***** MATERIAL SUPPLIED *****

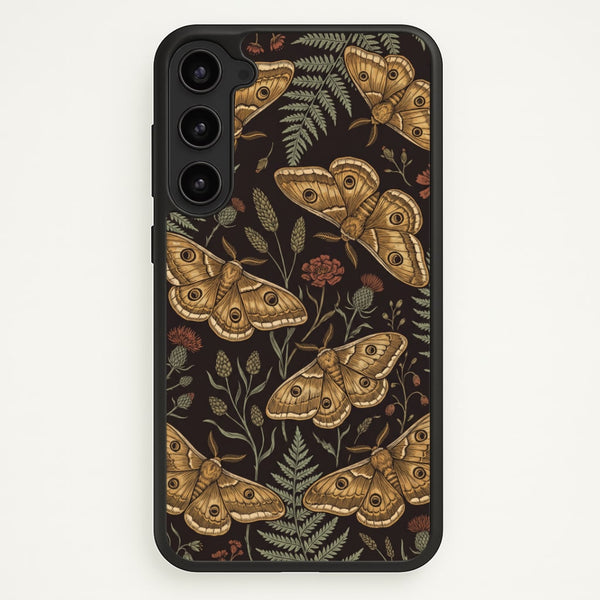 Moth And Moonlight Phone Case - Galaxy S23 Plus / Standard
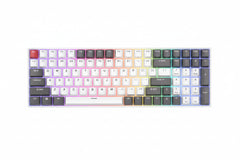 ROYAL KLUDGE RK100 RGB GREY,RED,WHITE BROWN SWITCH RK100-ZR-C GAMING KEYBOARD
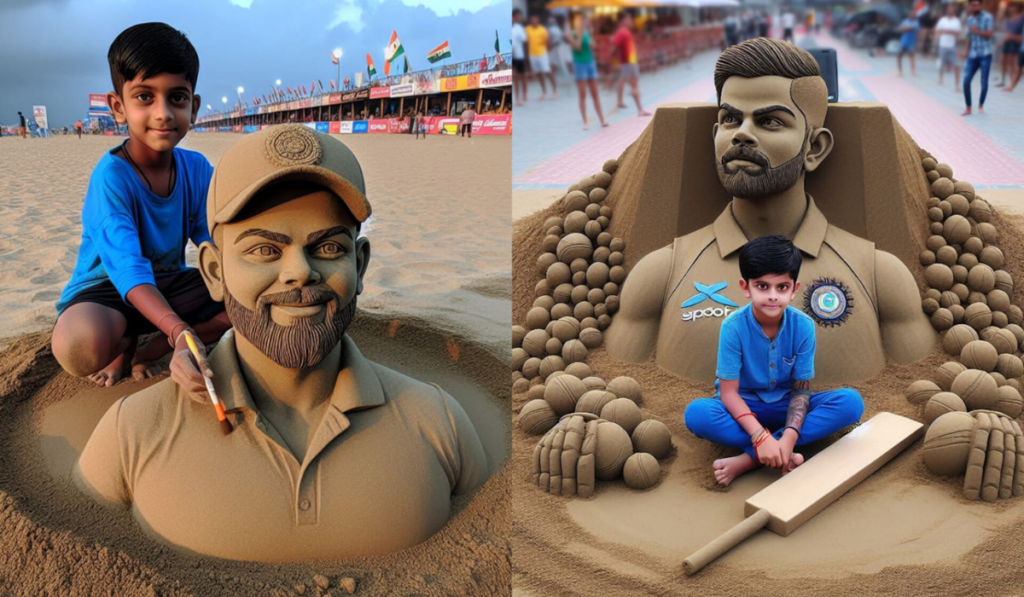 Virat Kohli Statue, Masterpiece Created by a Young Artist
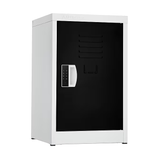Alpine 24" H x 15" W Steel Single Tier Storage Locker with Digital Lock, Black - ADI629-02-BLK-DL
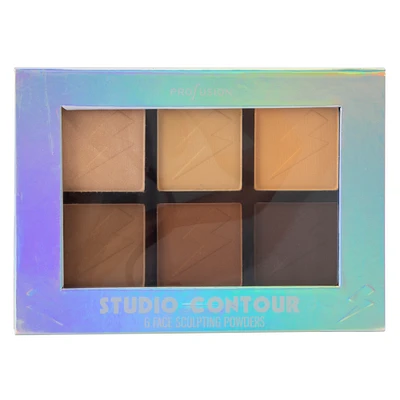 studio contour face sculpting makeup palette 6-piece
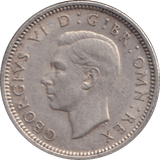1942 SIXPENCE ( EF ) - SIXPENCE - Cambridgeshire Coins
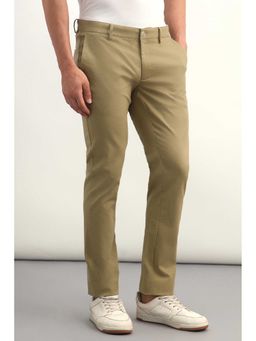 Allen Solly - Men Beige Textured Casual Trouser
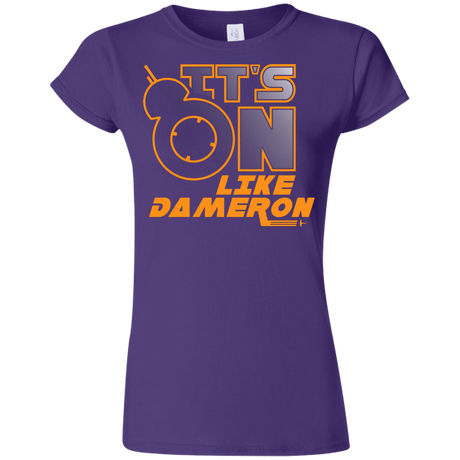 T-Shirts Purple / S NES On Like Dameron Junior Slimmer-Fit T-Shirt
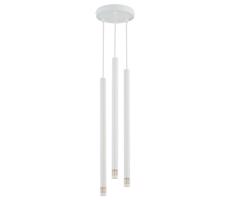Żyrandol na lince STALACTITE LASER 3xG9/3W/230V biały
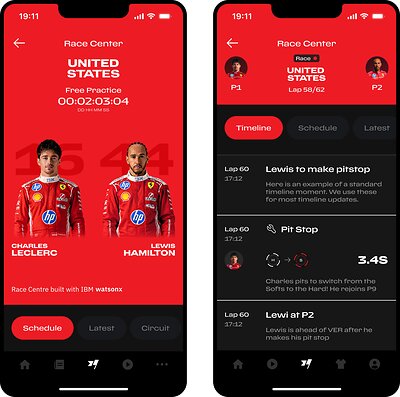 Race Summaries App. This image opens in the lightbox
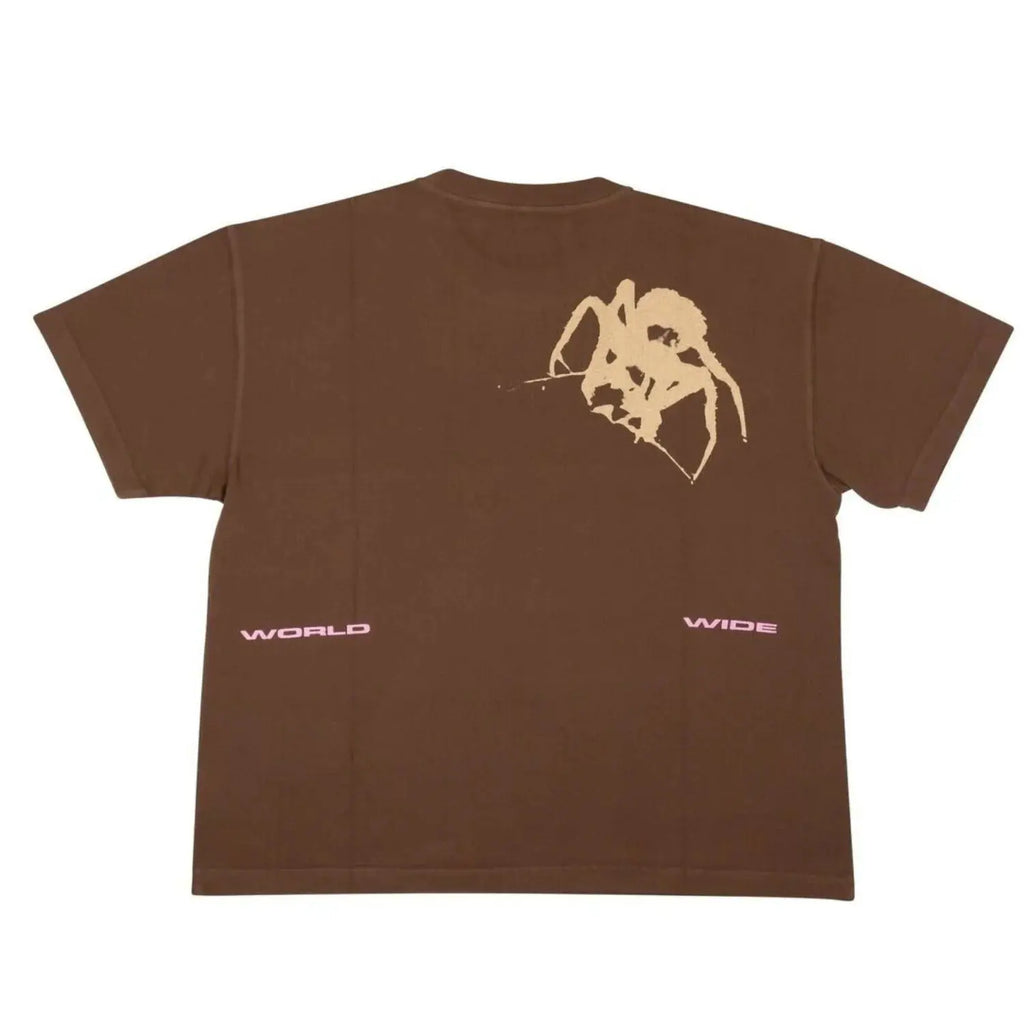 Sp5der Thug T-shirt Brown Angel Clanton Jacket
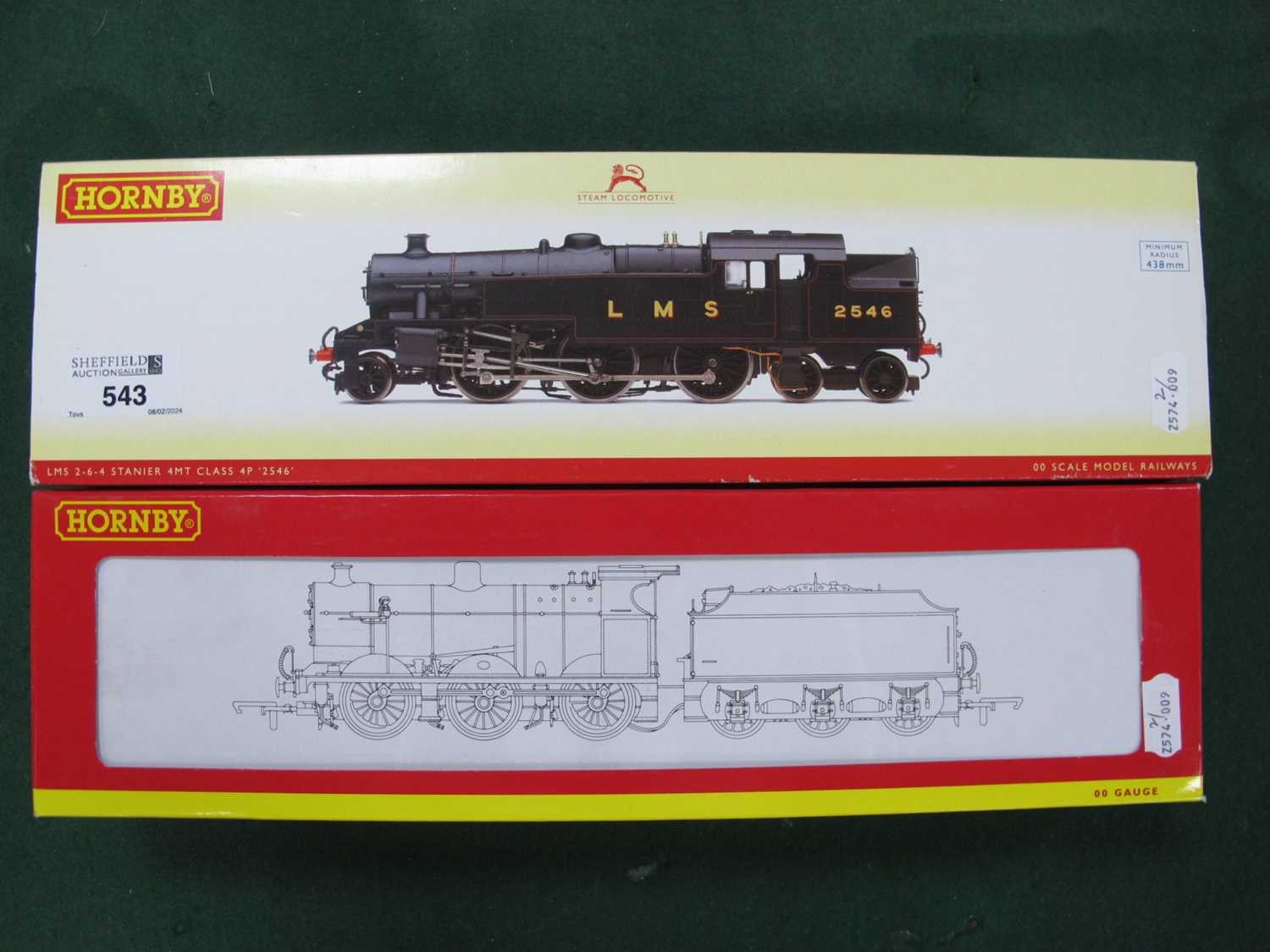 Lot 543 - Two Hornby "OO"/4mm Steam Locomotive, a Ref No....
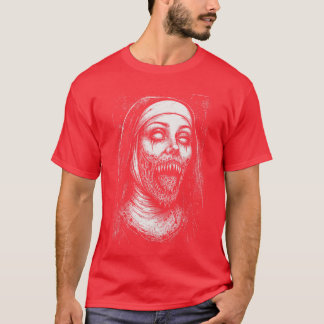 T-shirt Nun créature d'horreur démoniaque maléfique occult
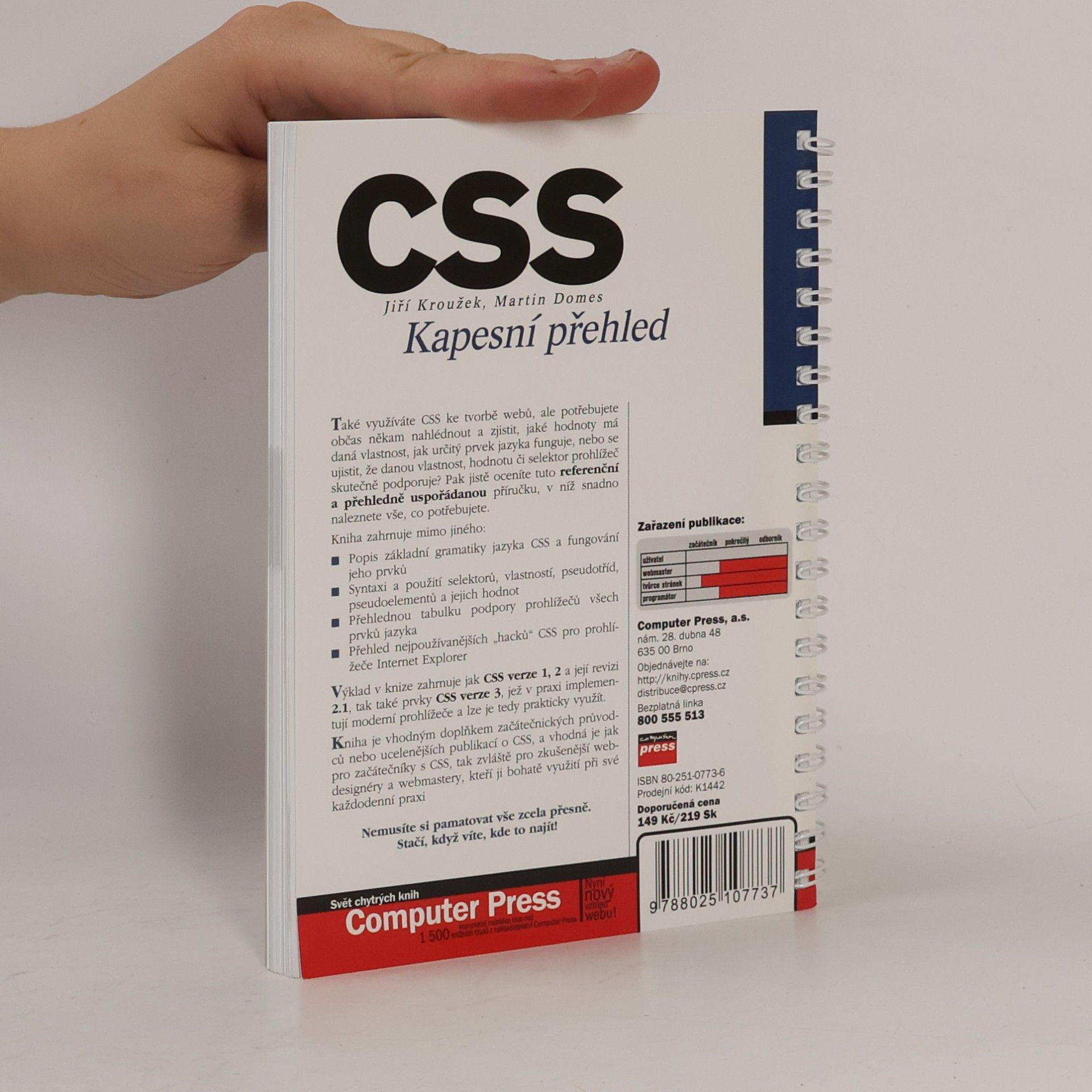 Jiří Kroužek CSS: Kapesní přehled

*****

■ PROBLEM DESCRIPTION ■
With the images excluded, reproduce the data above precisely as written.

■ COMPLETED TASK ■
 Moth And Moonlight Phone Case - Galaxy S23 Plus / Standard
 ROYAL KLUDGE RK100 RGB GREY,RED,WHITE BROWN SWITCH RK100-ZR-C GAMING KEYBOARD
 Virat Kohli Statue, Masterpiece Created by a Young Artist
Alpine 24" H x 15" W Steel Single Tier Storage Locker with Digital Lock, Black - ADI629-02-BLK-DL
 studio contour face sculpting makeup palette 6-piece
1942 SIXPENCE ( EF ) - SIXPENCE - Cambridgeshire Coins
 Allen Solly - Men Beige Textured Casual Trouser
 T-Shirts Purple / S NES On Like Dameron Junior Slimmer-Fit T-Shirt
Żyrandol na lince STALACTITE LASER 3xG9/3W/230V biały
 Race Summaries App. This image opens in the lightbox
 Sp5der Thug T-shirt Brown Angel Clanton Jacket
 Lot 543 - Two Hornby "OO"/4mm Steam Locomotive, a Ref No....
 T-shirt Nun créature d'horreur démoniaque maléfique occult
 Jiří Kroužek CSS: Kapesní přehled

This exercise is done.